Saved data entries
------

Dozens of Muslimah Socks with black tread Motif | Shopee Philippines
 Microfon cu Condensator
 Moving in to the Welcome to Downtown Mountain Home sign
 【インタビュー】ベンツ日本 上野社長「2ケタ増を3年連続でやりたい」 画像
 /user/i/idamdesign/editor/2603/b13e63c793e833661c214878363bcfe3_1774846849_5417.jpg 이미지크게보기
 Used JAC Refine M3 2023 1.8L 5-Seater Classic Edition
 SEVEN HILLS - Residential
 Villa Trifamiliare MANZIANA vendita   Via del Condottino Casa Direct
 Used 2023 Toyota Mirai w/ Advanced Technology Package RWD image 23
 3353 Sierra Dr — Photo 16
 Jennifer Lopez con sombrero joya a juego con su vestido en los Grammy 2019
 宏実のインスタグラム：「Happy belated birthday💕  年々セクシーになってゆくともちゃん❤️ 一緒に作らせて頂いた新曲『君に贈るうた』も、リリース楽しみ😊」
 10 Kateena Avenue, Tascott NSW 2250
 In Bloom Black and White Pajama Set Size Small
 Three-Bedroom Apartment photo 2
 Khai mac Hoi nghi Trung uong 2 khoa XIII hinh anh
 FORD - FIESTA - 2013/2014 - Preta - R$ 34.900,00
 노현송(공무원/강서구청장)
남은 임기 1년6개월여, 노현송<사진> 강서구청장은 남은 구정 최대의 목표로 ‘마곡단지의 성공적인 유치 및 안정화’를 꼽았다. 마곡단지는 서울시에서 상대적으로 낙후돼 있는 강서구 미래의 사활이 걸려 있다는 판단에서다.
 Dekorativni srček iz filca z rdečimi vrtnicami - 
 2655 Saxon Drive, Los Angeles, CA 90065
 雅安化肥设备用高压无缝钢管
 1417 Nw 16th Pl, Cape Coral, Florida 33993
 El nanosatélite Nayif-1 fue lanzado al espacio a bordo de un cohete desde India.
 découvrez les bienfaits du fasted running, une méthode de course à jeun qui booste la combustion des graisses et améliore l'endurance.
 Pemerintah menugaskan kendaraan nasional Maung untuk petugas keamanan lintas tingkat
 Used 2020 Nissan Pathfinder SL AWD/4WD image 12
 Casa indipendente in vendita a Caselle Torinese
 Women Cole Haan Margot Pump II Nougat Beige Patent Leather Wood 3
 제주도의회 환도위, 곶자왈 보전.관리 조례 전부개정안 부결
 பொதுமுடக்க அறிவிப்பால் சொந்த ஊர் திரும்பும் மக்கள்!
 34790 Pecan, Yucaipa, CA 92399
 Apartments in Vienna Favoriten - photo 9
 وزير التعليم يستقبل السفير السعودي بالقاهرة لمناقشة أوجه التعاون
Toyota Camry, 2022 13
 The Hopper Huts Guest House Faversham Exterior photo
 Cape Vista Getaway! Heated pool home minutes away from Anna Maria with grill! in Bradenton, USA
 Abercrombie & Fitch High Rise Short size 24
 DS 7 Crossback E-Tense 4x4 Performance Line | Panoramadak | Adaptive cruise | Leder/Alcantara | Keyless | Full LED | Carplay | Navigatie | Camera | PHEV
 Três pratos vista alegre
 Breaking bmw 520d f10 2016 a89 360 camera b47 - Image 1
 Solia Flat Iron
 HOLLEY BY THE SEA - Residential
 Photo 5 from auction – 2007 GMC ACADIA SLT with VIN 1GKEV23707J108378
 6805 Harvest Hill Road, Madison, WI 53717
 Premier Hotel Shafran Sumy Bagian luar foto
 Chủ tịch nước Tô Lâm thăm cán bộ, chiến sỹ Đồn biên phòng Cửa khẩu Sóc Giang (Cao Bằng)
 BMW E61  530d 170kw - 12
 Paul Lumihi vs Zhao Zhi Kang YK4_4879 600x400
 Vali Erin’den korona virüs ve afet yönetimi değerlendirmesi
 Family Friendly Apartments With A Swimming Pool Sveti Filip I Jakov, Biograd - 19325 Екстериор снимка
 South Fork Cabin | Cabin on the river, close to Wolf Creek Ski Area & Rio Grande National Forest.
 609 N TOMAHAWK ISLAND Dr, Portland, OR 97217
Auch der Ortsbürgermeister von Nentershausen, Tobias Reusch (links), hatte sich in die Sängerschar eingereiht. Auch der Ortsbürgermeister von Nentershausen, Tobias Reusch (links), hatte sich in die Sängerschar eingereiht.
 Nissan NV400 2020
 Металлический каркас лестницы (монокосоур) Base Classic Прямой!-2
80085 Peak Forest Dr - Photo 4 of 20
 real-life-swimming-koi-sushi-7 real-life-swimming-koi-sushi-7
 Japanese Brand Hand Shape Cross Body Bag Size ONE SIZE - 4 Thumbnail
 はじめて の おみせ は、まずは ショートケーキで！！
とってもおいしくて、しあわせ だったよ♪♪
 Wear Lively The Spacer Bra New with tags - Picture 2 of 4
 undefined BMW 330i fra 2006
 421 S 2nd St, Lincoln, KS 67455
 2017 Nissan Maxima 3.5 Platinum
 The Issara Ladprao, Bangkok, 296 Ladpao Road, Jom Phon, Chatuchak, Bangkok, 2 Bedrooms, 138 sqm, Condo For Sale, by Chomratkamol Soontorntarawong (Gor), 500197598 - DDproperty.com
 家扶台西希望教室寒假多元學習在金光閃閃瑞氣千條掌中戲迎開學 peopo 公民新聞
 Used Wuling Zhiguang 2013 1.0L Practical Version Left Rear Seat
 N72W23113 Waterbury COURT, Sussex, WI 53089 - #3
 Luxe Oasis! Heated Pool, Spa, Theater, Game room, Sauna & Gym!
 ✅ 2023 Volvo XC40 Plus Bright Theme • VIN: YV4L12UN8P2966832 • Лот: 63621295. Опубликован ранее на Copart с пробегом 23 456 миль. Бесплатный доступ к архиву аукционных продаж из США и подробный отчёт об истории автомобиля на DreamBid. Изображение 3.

------

[EXERCISE INSTRUCTIONS] Line by line, transcribe the data exactly.

[RESULT]
Dozens of Muslimah Socks with black tread Motif | Shopee Philippines
 Microfon cu Condensator
 Moving in to the Welcome to Downtown Mountain Home sign
 【インタビュー】ベンツ日本 上野社長「2ケタ増を3年連続でやりたい」 画像
 /user/i/idamdesign/editor/2603/b13e63c793e833661c214878363bcfe3_1774846849_5417.jpg 이미지크게보기
 Used JAC Refine M3 2023 1.8L 5-Seater Classic Edition
 SEVEN HILLS - Residential
 Villa Trifamiliare MANZIANA vendita   Via del Condottino Casa Direct
 Used 2023 Toyota Mirai w/ Advanced Technology Package RWD image 23
 3353 Sierra Dr — Photo 16
 Jennifer Lopez con sombrero joya a juego con su vestido en los Grammy 2019
 宏実のインスタグラム：「Happy belated birthday💕  年々セクシーになってゆくともちゃん❤️ 一緒に作らせて頂いた新曲『君に贈るうた』も、リリース楽しみ😊」
 10 Kateena Avenue, Tascott NSW 2250
 In Bloom Black and White Pajama Set Size Small
 Three-Bedroom Apartment photo 2
 Khai mac Hoi nghi Trung uong 2 khoa XIII hinh anh
 FORD - FIESTA - 2013/2014 - Preta - R$ 34.900,00
 노현송(공무원/강서구청장)
남은 임기 1년6개월여, 노현송<사진> 강서구청장은 남은 구정 최대의 목표로 ‘마곡단지의 성공적인 유치 및 안정화’를 꼽았다. 마곡단지는 서울시에서 상대적으로 낙후돼 있는 강서구 미래의 사활이 걸려 있다는 판단에서다.
 Dekorativni srček iz filca z rdečimi vrtnicami - 
 2655 Saxon Drive, Los Angeles, CA 90065
 雅安化肥设备用高压无缝钢管
 1417 Nw 16th Pl, Cape Coral, Florida 33993
 El nanosatélite Nayif-1 fue lanzado al espacio a bordo de un cohete desde India.
 découvrez les bienfaits du fasted running, une méthode de course à jeun qui booste la combustion des graisses et améliore l'endurance.
 Pemerintah menugaskan kendaraan nasional Maung untuk petugas keamanan lintas tingkat
 Used 2020 Nissan Pathfinder SL AWD/4WD image 12
 Casa indipendente in vendita a Caselle Torinese
 Women Cole Haan Margot Pump II Nougat Beige Patent Leather Wood 3
 제주도의회 환도위, 곶자왈 보전.관리 조례 전부개정안 부결
 பொதுமுடக்க அறிவிப்பால் சொந்த ஊர் திரும்பும் மக்கள்!
 34790 Pecan, Yucaipa, CA 92399
 Apartments in Vienna Favoriten - photo 9
 وزير التعليم يستقبل السفير السعودي بالقاهرة لمناقشة أوجه التعاون
Toyota Camry, 2022 13
 The Hopper Huts Guest House Faversham Exterior photo
 Cape Vista Getaway! Heated pool home minutes away from Anna Maria with grill! in Bradenton, USA
 Abercrombie & Fitch High Rise Short size 24
 DS 7 Crossback E-Tense 4x4 Performance Line | Panoramadak | Adaptive cruise | Leder/Alcantara | Keyless | Full LED | Carplay | Navigatie | Camera | PHEV
 Três pratos vista alegre
 Breaking bmw 520d f10 2016 a89 360 camera b47 - Image 1
 Solia Flat Iron
 HOLLEY BY THE SEA - Residential
 Photo 5 from auction – 2007 GMC ACADIA SLT with VIN 1GKEV23707J108378
 6805 Harvest Hill Road, Madison, WI 53717
 Premier Hotel Shafran Sumy Bagian luar foto
 Chủ tịch nước Tô Lâm thăm cán bộ, chiến sỹ Đồn biên phòng Cửa khẩu Sóc Giang (Cao Bằng)
 BMW E61  530d 170kw - 12
 Paul Lumihi vs Zhao Zhi Kang YK4_4879 600x400
 Vali Erin’den korona virüs ve afet yönetimi değerlendirmesi
 Family Friendly Apartments With A Swimming Pool Sveti Filip I Jakov, Biograd - 19325 Екстериор снимка
 South Fork Cabin | Cabin on the river, close to Wolf Creek Ski Area & Rio Grande National Forest.
 609 N TOMAHAWK ISLAND Dr, Portland, OR 97217
Auch der Ortsbürgermeister von Nentershausen, Tobias Reusch (links), hatte sich in die Sängerschar eingereiht. Auch der Ortsbürgermeister von Nentershausen, Tobias Reusch (links), hatte sich in die Sängerschar eingereiht.
 Nissan NV400 2020
 Металлический каркас лестницы (монокосоур) Base Classic Прямой!-2
80085 Peak Forest Dr - Photo 4 of 20
 real-life-swimming-koi-sushi-7 real-life-swimming-koi-sushi-7
 Japanese Brand Hand Shape Cross Body Bag Size ONE SIZE - 4 Thumbnail
 はじめて の おみせ は、まずは ショートケーキで！！
とってもおいしくて、しあわせ だったよ♪♪
 Wear Lively The Spacer Bra New with tags - Picture 2 of 4
 undefined BMW 330i fra 2006
 421 S 2nd St, Lincoln, KS 67455
 2017 Nissan Maxima 3.5 Platinum
 The Issara Ladprao, Bangkok, 296 Ladpao Road, Jom Phon, Chatuchak, Bangkok, 2 Bedrooms, 138 sqm, Condo For Sale, by Chomratkamol Soontorntarawong (Gor), 500197598 - DDproperty.com
 家扶台西希望教室寒假多元學習在金光閃閃瑞氣千條掌中戲迎開學 peopo 公民新聞
 Used Wuling Zhiguang 2013 1.0L Practical Version Left Rear Seat
 N72W23113 Waterbury COURT, Sussex, WI 53089 - #3
 Luxe Oasis! Heated Pool, Spa, Theater, Game room, Sauna & Gym!
 ✅ 2023 Volvo XC40 Plus Bright Theme • VIN: YV4L12UN8P2966832 • Лот: 63621295. Опубликован ранее на Copart с пробегом 23 456 миль. Бесплатный доступ к архиву аукционных продаж из США и подробный отчёт об истории автомобиля на DreamBid. Изображение 3.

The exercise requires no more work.